▸ **Activity**
The reply should consist solely of the lines from the one with "Exterior view of" through the final line of the listing, copied exactly, with no pictures.

▸ **Source material**
[Start of Attachment]

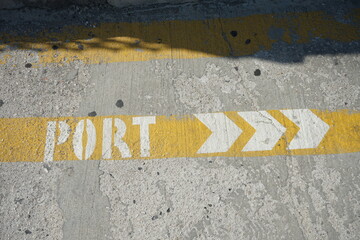 pedestrian cruise port sign painted onto the street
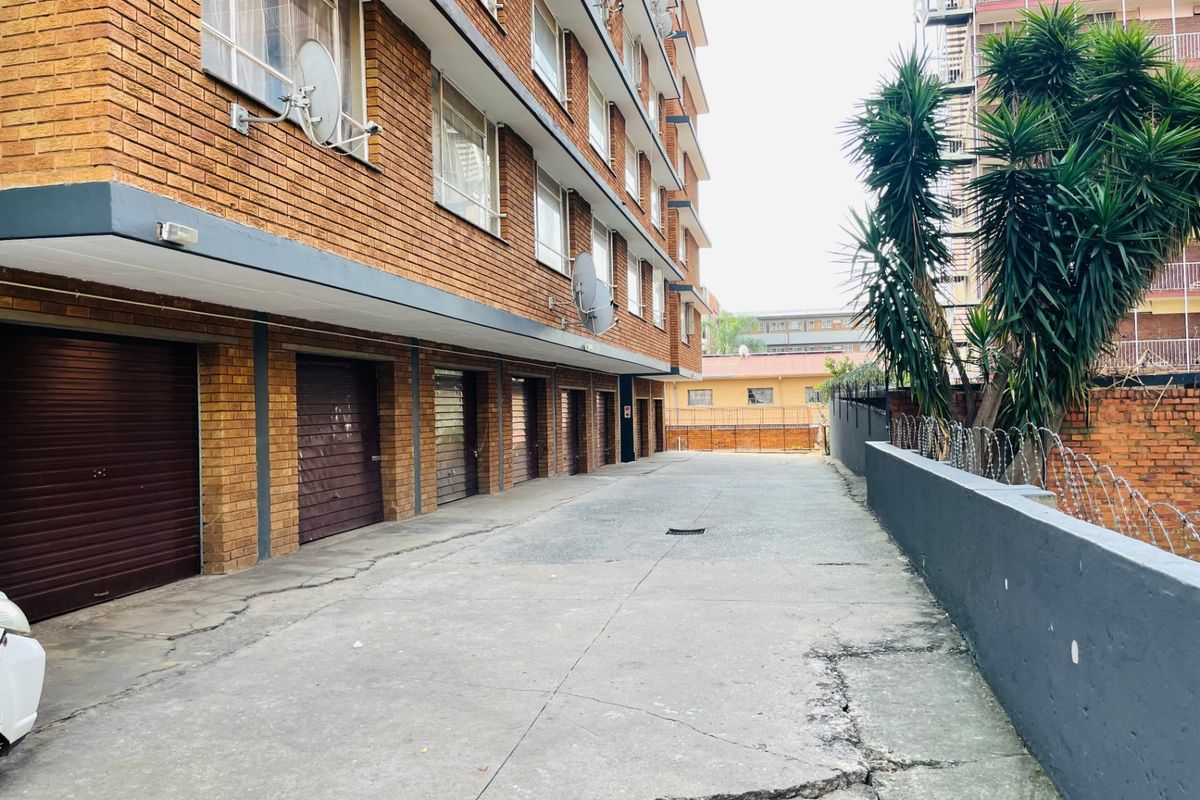 Exterior view of an apartment complex featuring a row of ground-level garages and a concrete driveway with perimeter security fencing.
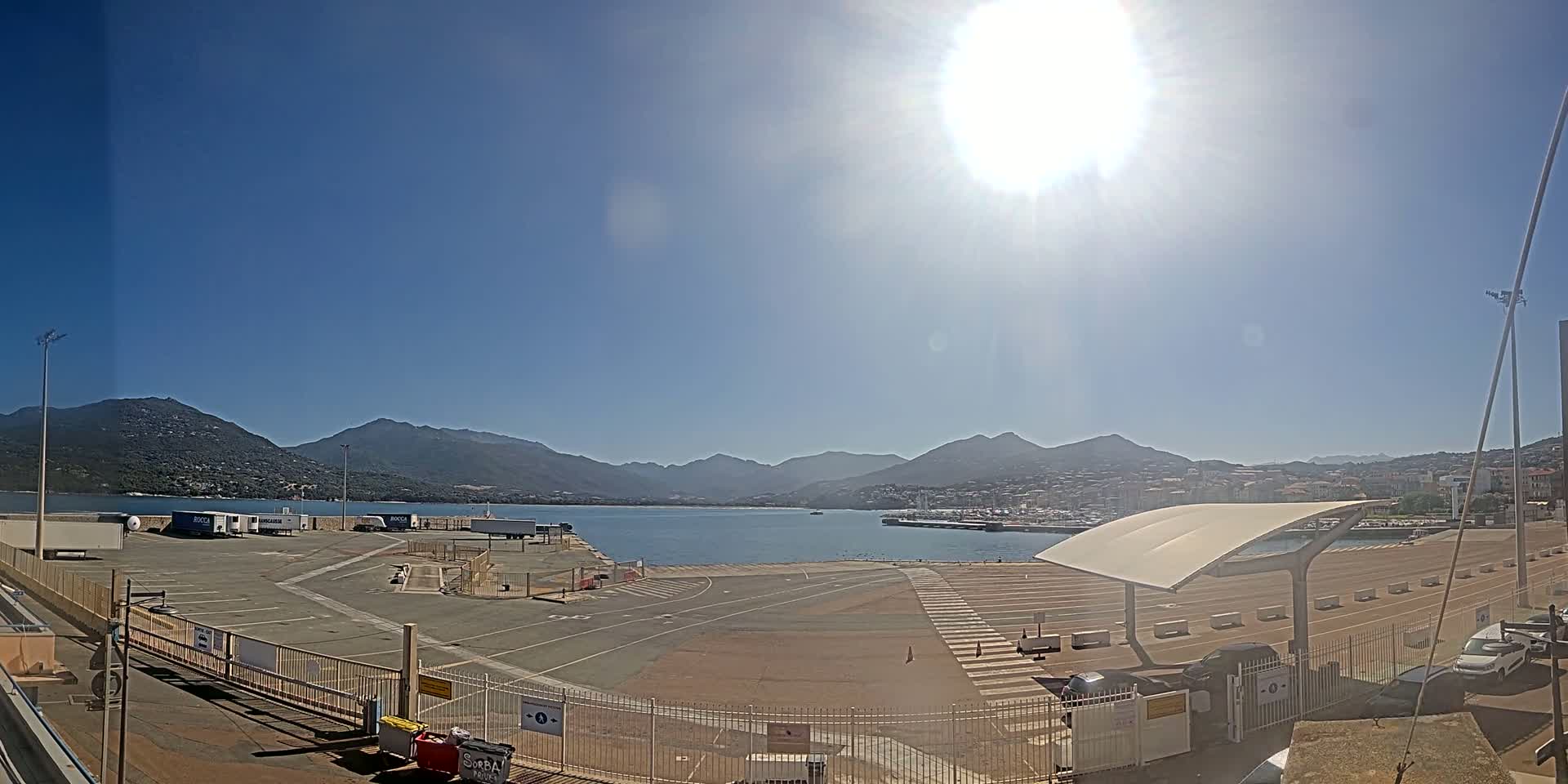 A sunny day reveals a harbor area with a mostly empty parking lot, a few vehicles, and mountains in the background.
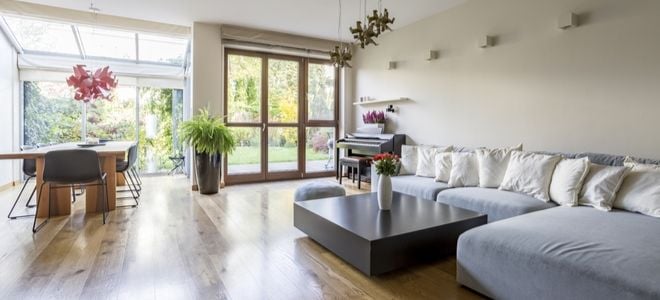 open minimalist living room with wooden floors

[End of Attachment]

▸ **Result below**
 Exterior view of an apartment complex featuring a row of ground-level garages and a concrete driveway with perimeter security fencing.
 A sunny day reveals a harbor area with a mostly empty parking lot, a few vehicles, and mountains in the background.
 open minimalist living room with wooden floors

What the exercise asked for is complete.